Mauro was one of the first responders on the scene that night. “The car was upside down impaled on the telephone pole. Wires were arcing, they were wrapped around the car. Someone inside was calling for help, but we couldn’t touch the car because of the live wires.”
The accident — a result of alcohol and high speed — killed Shauna, 17, and Meghan 15, and critically injured their friend Melissa Smith.
Shauna and Meghan’s father Chris Murphy said the anniversary is a time of “intense reflection” for him and his family. “They got so much out of life at such a young age,” he said of the sisters.

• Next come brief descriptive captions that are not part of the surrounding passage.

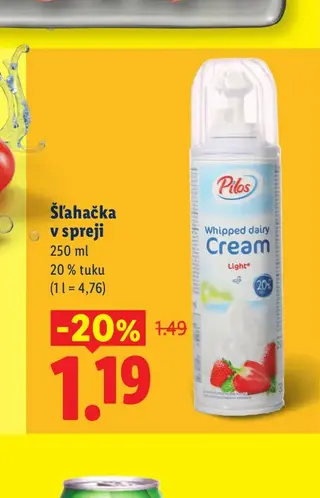 Pilos Šľahačka v spreji 250 ml
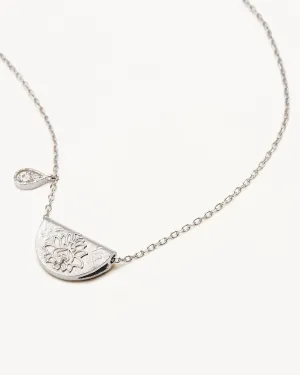 Sterling Silver Lotus Birthstone Necklace - April - White Topaz Bycharlotte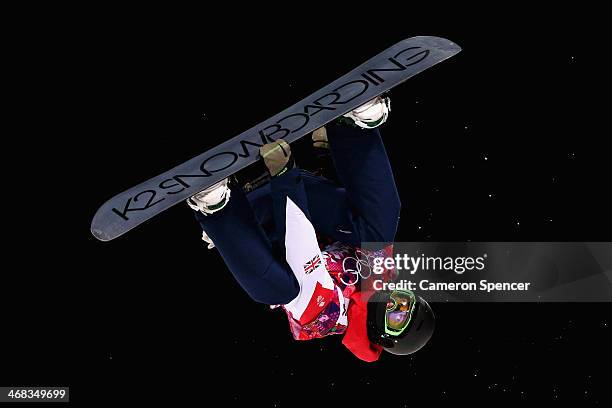 Ben Kilner of Great Britain trains during Snowboard Halfpipe practice during day 3 of the Sochi 2014 Winter Olympics at Rosa Khutor Extreme Park on...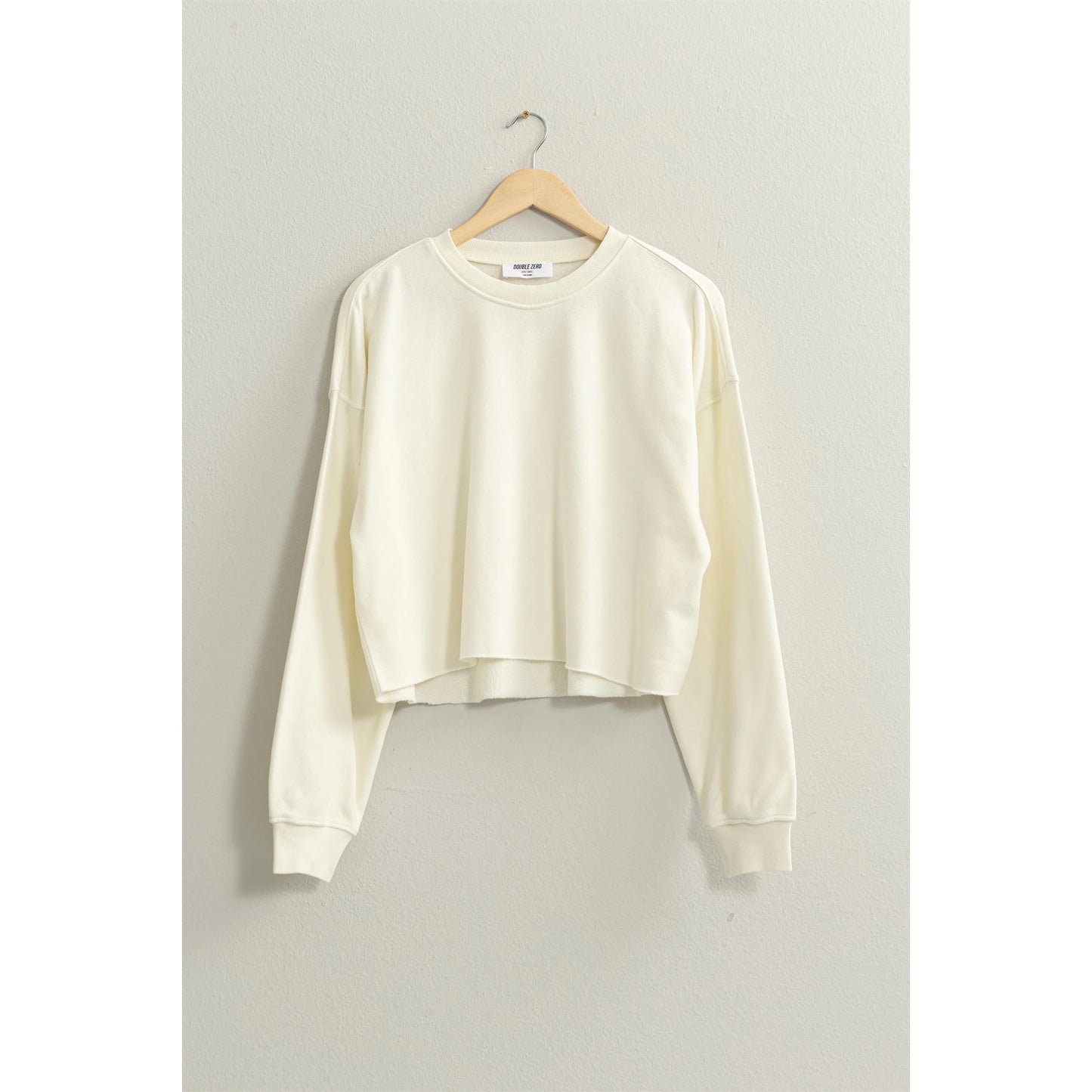 Crewneck Cropped Sweatshirt with Raw Hem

Murphy said if he could turn back the clock he would have made sure his daughters had been better trained behind the wheel. It’s the reason the Murphy Sisters Foundation, which the family formed in the girls’ memory, is committed to raising awareness about safe driving principals among young people.

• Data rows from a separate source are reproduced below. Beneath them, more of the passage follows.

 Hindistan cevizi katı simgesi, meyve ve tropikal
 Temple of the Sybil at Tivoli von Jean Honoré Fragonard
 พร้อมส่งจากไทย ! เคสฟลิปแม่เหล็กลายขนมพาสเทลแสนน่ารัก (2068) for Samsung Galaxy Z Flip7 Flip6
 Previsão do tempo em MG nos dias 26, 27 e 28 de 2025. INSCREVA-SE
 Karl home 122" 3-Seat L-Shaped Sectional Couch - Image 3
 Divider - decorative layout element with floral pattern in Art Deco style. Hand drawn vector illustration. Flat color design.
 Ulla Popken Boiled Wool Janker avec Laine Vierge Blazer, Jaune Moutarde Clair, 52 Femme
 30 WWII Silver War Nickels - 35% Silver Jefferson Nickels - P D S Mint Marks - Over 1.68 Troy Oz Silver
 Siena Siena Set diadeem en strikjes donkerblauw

“Shauna was doing 65 in a 35 mile per hour zone. Somebody could have said you’re going too fast, slow down. I don’t think that conversation ever happened,” Murphy said.
The Murphy Sisters Foundation recently subsidized the cost of “skid school” training so over 50 high school students could learn crash-prevention skills. Murphy said it’s training the students “will carry with them all through their life.”
None of the students currently at Algonquin were there when the accident happened four years ago, but the impact of that night is nonetheless strong.
“It changed our school,” Algonquin junior Tracy Baldelli, who was a Trottier student at the time of the accident, said.
Murphy said his foundation works to make sure students understand what happened to Shauna and Meghan. “We’re constantly in their face,” he said of the current Algonquin students. “So I don’t think their story will be forgotten.”
“Kids have this sense of entitlement that they’re going to make it to their destination, but they’re not invincible,” Murphy said. “It doesn’t matter how pretty you are, how smart you are, how much money you have. The wrong decision can be fatal.”